Not everyone can be a Tinderella.
Case in point: Once upon a time, I sent "Sucks to BU? *smiley emoji*" to a match who went to Boston University, the rival school to my alma mater, Boston College. That time... was one week ago.
I sent it and immediately put my head in my hands. No thank you, self. I hadn't been using the apps much as of late, but now I'm back to being single AF, forcing myself to make an effort with them. That being said, my game is rusty.
Tinder is an art form. From not being sure if using that profile picture will get you attention, to wondering if it's alright to mention death in your initial message, there's a lot of potential to mess up while trying to flirt with someone on dating apps.

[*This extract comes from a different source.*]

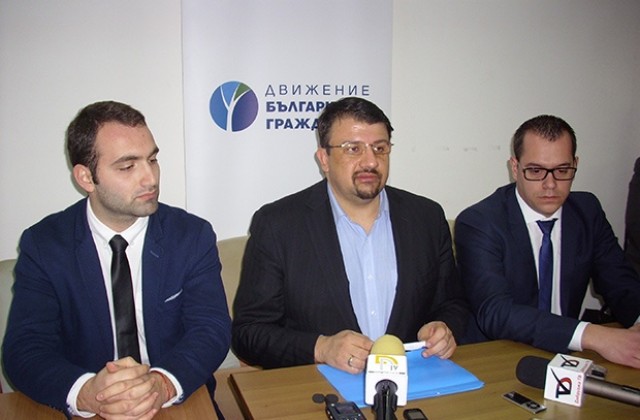 ДБГ не е снемало доверие от министър Танев, заяви Настимир Ананиев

Since we can't all be expert profile curators, Elite Daily spoke to Tinder's in-house sociologist, Dr. Jess Carbino, about the things you're probably doing on Tinder that are killing your game, and how to fix 'em.
1. You Only Open With "Hey"
"Hey" is a three-letter Tinder fail.
"Hey" is what my barista says to me when I'm about to order a coffee. According to Carbino, 20 percent of messages sent on Tinder begin with the word “hey,” which is 1-800-BORING. Can you be any more vanilla?
Starting with anything other than "hey" is an improvement, but just dive right in. Open with a question.
A question signals your interest, and your desire to learn more about the other person.
Carbino explains that "over 60 percent of men and 70 percent of women want to receive an opening line that signals investment - so ask about your match's vacation photo, comment on their Tinder anthem, or find out the name of the dog in their picture."
Asking your match a question not only shows your interest in them, but also piques their interest. They want to know about you simply because you wanted to know about them.
"People perceive investment based on whether their match talks to them or asks them questions about themselves," says Carbino. "Asking a question will help avoid any missed connections."
We're human, and we all love talking about ourselves, so just do that here.
2. You Sit Around Waiting To Be Messaged First
You've just matched with a very attractive gentleman.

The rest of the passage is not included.